Le ton sarcastique et les aphorismes cyniques des Syllogismes de l’amertume (1952) creusent inlassablement le sillon de la grande mutation, poursuivie dans Histoire et Utopie (1960) : Cioran y radicalise toutes les raisons philosophiques qui ont pu venir à bout de son nationalisme passé. Progrès, démocratie, civilisation… aucune illusion politique ne peut plus échapper au décapage intégral, à la vengeance de sa lucidité. Expression de la désillusion consommée, l’écrivain dédaigne les manifestations de Mai 68 : l’idée d’être encore le complice de quelque engagement que ce soit lui répugne désormais par principe. Il déserte le front des batailles concrètes et rejette le modèle de l’intellectuel universel omniprésent – d’où le mépris que ce « sceptique passionné » voue à Sartre, à ses yeux un « petit Napoléon de la pensée ». Dès lors, c’est bien sous les traits d’un moraliste intransigeant qu’il redéploie son anti-humanisme radical, en particulier dans De l’inconvénient d’être né, essai paru en 1972, qu’il retiendra comme son préféré. Le volume frappe par ses charges contre l’existence, non dénuées d’humour et teintées par un sens aiguisé de la contradiction provocante : « J’exècre cette vie que j’idolâtre. » Cioran poursuit ce travail de sape jusqu’en 1987. Méfiant à l’égard du succès qui point et lassé d’écrire, il décide alors de mettre un terme à sa carrière littéraire. Après des années de labeur vouées au culte du style, son parcours lui apparaît comme celui d’une interminable redite : « Ce que je sais à 60 ans, je le savais aussi bien à 20. Quarante ans d’un long, d’un superflu travail de vérification. »

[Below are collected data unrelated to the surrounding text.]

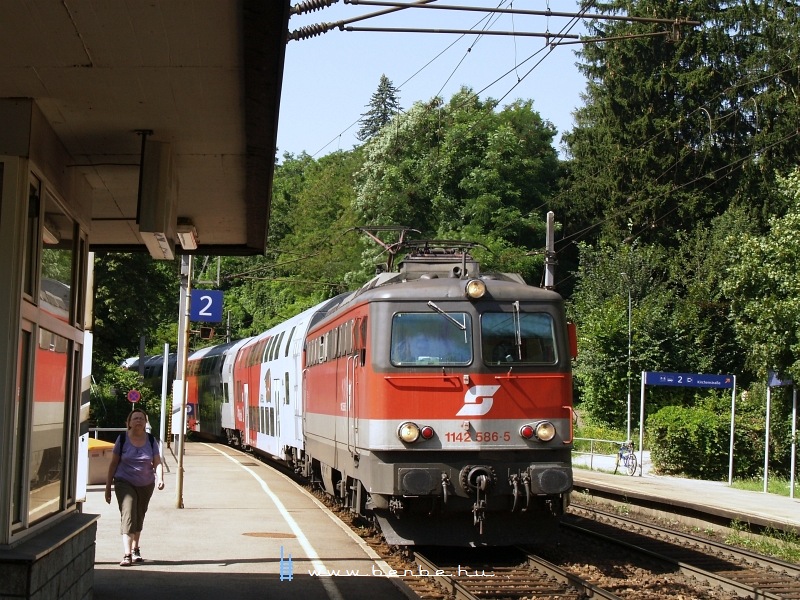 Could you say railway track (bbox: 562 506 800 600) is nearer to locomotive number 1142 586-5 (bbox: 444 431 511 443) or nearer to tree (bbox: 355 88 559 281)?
locomotive number 1142 586-5 (bbox: 444 431 511 443)

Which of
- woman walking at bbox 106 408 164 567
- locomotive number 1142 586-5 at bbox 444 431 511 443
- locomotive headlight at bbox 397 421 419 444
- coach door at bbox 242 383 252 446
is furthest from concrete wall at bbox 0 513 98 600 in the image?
coach door at bbox 242 383 252 446

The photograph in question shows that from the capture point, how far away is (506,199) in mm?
51812

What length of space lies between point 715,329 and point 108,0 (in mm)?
42552

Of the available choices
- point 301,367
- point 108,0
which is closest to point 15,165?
point 108,0

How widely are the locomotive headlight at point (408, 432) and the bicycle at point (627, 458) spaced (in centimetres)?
1757

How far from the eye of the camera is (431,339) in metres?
12.2

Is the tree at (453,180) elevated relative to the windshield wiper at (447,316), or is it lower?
elevated

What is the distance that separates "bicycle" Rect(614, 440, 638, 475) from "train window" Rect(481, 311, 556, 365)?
16837 millimetres

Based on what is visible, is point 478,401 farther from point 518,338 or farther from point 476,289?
point 476,289

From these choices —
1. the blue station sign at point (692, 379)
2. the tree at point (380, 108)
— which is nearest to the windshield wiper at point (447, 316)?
the blue station sign at point (692, 379)

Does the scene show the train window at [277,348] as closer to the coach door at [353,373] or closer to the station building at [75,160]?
the coach door at [353,373]

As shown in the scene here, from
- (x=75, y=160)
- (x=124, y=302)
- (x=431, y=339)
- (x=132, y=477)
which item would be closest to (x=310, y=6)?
(x=75, y=160)

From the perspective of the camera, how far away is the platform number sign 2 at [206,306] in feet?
67.3

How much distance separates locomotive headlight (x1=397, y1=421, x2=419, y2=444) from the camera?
11656 mm
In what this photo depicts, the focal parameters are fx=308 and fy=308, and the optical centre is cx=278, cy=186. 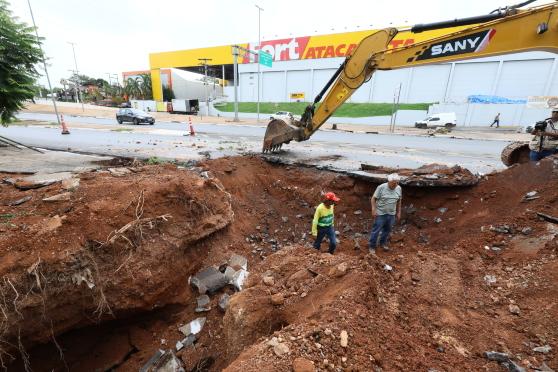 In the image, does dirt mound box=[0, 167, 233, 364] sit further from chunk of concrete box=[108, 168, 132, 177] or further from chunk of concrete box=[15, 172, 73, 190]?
chunk of concrete box=[108, 168, 132, 177]

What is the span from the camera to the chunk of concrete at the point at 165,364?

En avril 1988, à 77 ans, Cioran est hospitalisé. Certains ironisent, en faisant courir le bruit d’une tentative de suicide dont il aurait enfin cherché à exécuter le projet si longtemps avorté. Mais il n’en est rien. Cet « épileptique manqué », comme il aimait à se penser, est en réalité atteint de la maladie d’Alzheimer. Il en meurt à l’hôpital Broca, à Paris, le 20 juin 1995, à l’âge de 84 ans, de cette mort qu’il décrivait comme « ce que la vie a inventé jusqu’ici de plus solide ».